Mantan pimpinan KPK itu mengakui, Kemendikbud memang tidak bisa mengintervensi terlalu jauh seluruh SD yang tersebar di seantero Indonesia, sebab secara struktural kepemerintahan, SD negeri merupakan lembaga di bawah pemerintah kabupaten dan kota.

Namun Haryono menyebutkan, dengan kebijakan Mendikbud itu seharusnya pemda sudah bisa mengatur soal larangan ujian calistung itu. "Ujian calistung ini sudah membudaya. Anak saya saja dulu dites calistung saat mau masuk SD," katanya.

"TK itu bukan sekolah. Namanya saja taman kanak-kanak, tempat bermain," katanya.

Jadi jika untuk masuk SD saja sudah diterapkan ujian calistung, berarti sejak pra SD anak-anak sudah diajarkan calistung, sehingga TK sudah bukan lagi tempat bermain sambil belajar. Mewajibkan tes calistung untuk anak-anak yang akan masuk SD akan mendorong taman kanak-kanak mengajarkan calistung kepada para muridnya. Sebuah TK di Ciracas, Jakarta Timur misalnya, malah mengharuskan anak-anak TK yang belum bisa calistung les kepada gurunya.

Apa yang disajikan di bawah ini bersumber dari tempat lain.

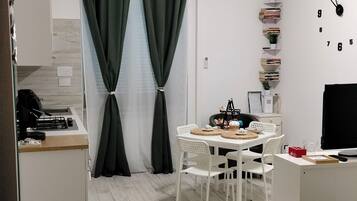 1 Schlafzimmer, Bügeleisen/Bügelbrett, Reisekinderbett, kostenloses WLAN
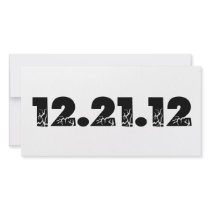 12.21.12 2012 December 21, 2012 Photo Cards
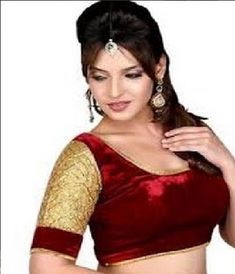 Latest Types Of Velvet Saree Blouse Designs and Patterns (2024) - Tips and Beauty Pink Velvet Blouse, Velvet Patchwork, Patchwork Blouse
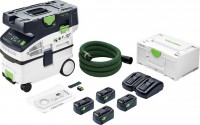 Festool 577674 Cordless Mobile Dust Extractor CLEANTEC CTMC MIDI I-Plus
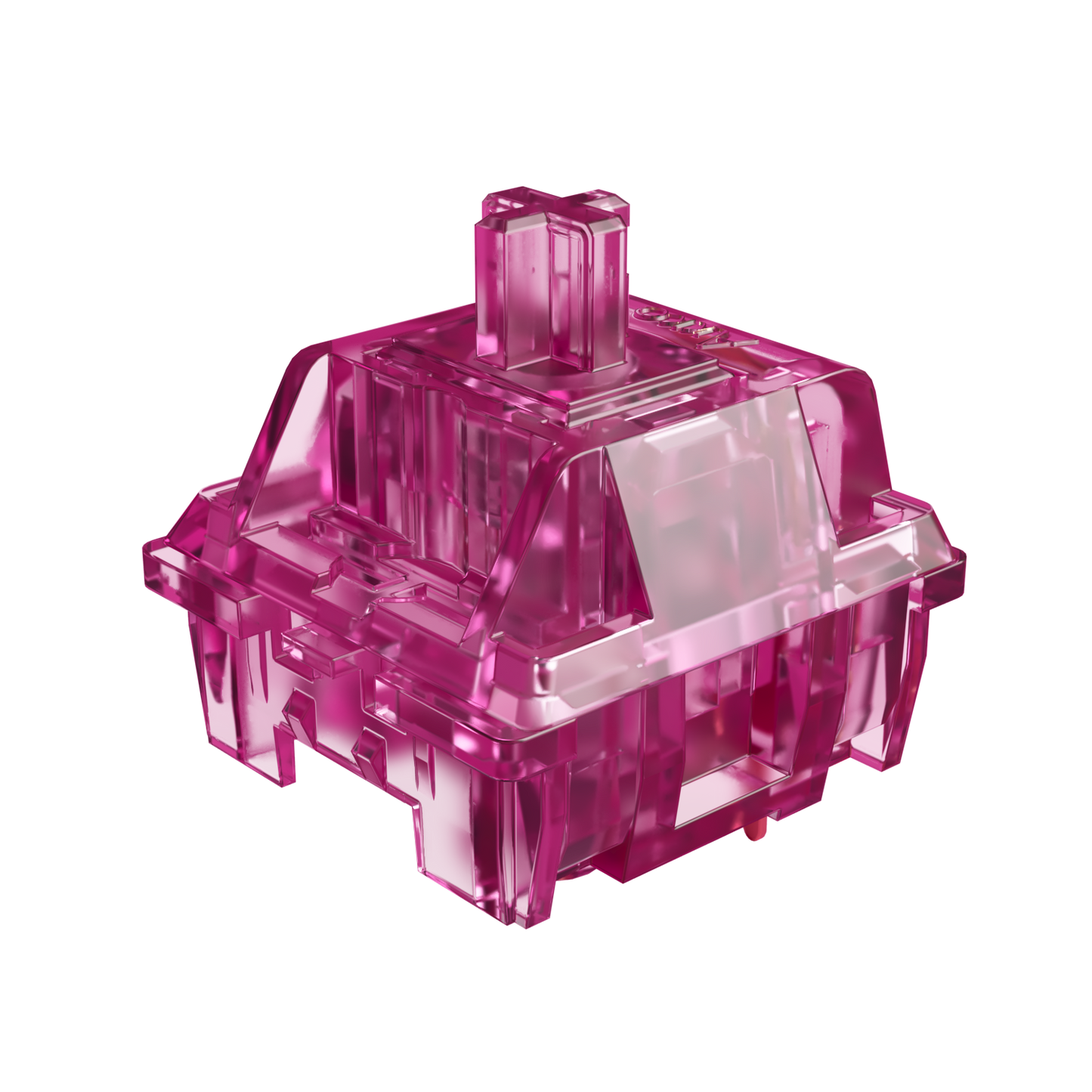 CS Crystal Wine Red Switch (45pcs) - Linear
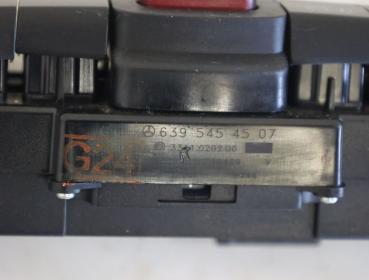 Kombischalter 6395454507 Mercedes VITO 2 W639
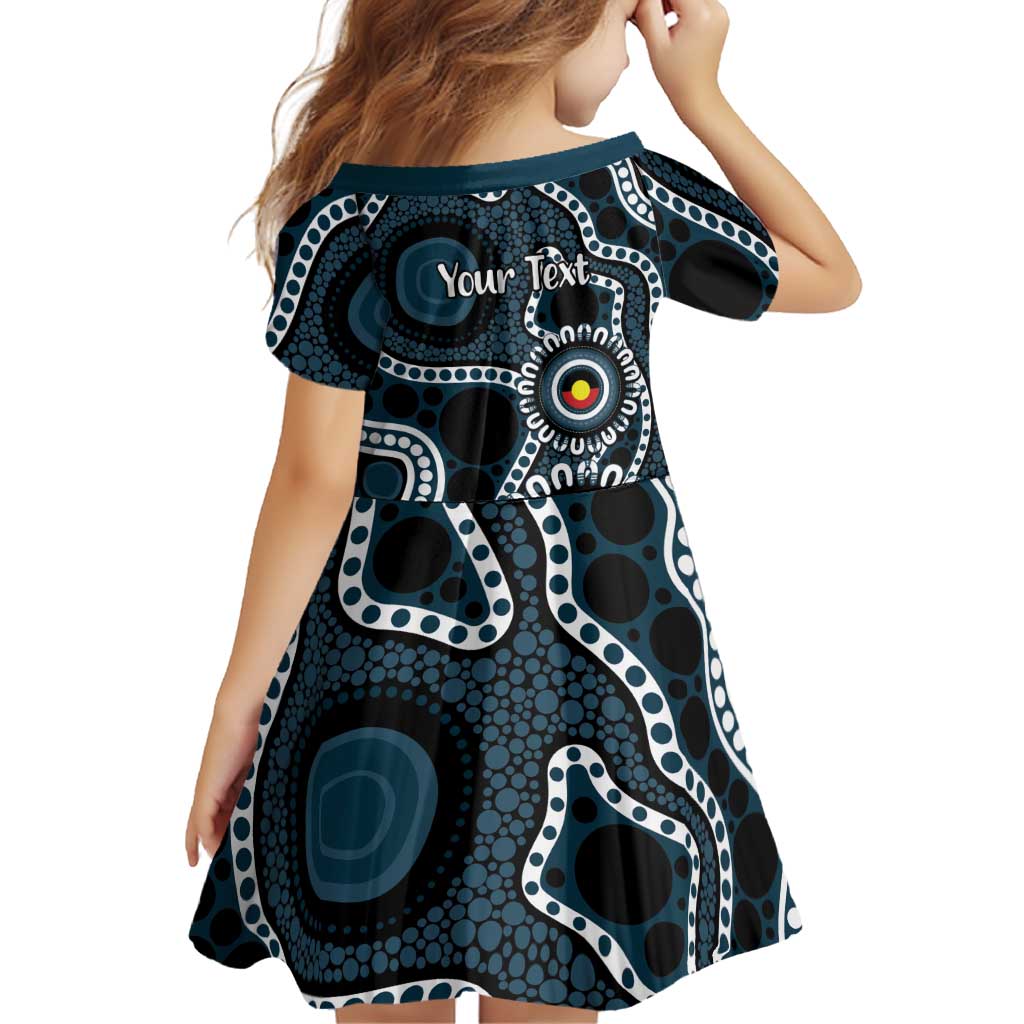 Carlton NAIDOC Week 2026 Personalised Family Matching Off Shoulder Maxi Dress and Hawaiian Shirt 50 Years of Deadly Aboriginal Art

Memang, begitu tamat dari TK tersebut, Eryl misalnya, sudah lancar membaca, menulis dan berhitung. Tetapi menurut Mendikbud, calistung baru diajarkan kepada siswa SD bukan siswa taman kanak-kanak.

Di TK sejatinya anak-anak fokus diajari pendidikan karakter, seperti kebiasaan hidup bersih, antri, menghargai sesama, dan bekerjasama. "Kalau di TK sudah dibebani membaca, menulis, dan menghitung, penanaman pendidikan karakter tadi bisa bubar," kata Irjen. "Karena itu pada penerapan kurikulum 2013 nanti, larangan tes calistung makin dipertegas lagi," kata dia.

Calistung tidak boleh diajarkan secara langsung sebagai pembelajaran kepada anak-anak TK, tetapi menurut Dirjen Manajemen Pendidikan Dasar dan Menengah Prof Suyanto diperkenalkan dalam kerangka pengembangan seluruh aspek tumbuh kembang anak, dilakukan sambil bermain, dan disesuaikan dengan tugas perkembangan anak.

TK seharusnya hanya menciptakan lingkungan yang kaya dengan beragam bentuk keaksaraan yang akan lebih memacu kesiapan anak didiknya untuk memulai kegiatan calistung di tingkat lanjutan, yaitu sekolah dasar.

Juga pendekatan bermain sebagai metode pembelajaran di TK menurut dia, hendaknya disesuaikan dengan perkembangan usia dan kemampuan anak didik, yaitu secara berangsur-angsur dikembangkan dari bermain sambil belajar (unsur bermain lebih dominan) menjadi belajar seraya bermain (unsur belajar mulai dominan).

Tahun lalu, beberapa sekolah favorit di Banda Aceh melakukan tes calistung dalam penerimaan murid SD, padahal praktik itu tidak sesuai dengan Peraturan Pemerintah (PP) Nomor 17 Tahun 2010 yang melarang sekolah dasar menerapkan tes tersebut terhadap calon muridnya.

Terkait praktik itu, Kepala Dinas Pendidikan Kota Banda Aceh, Syaridin menegaskan, tidak ada kewajiban dan keharusan bagi calon siswa SD untuk melewati tes calistung," kata Syaridin sambil menambahkan bahwa calistung itu inisiatif sekolah.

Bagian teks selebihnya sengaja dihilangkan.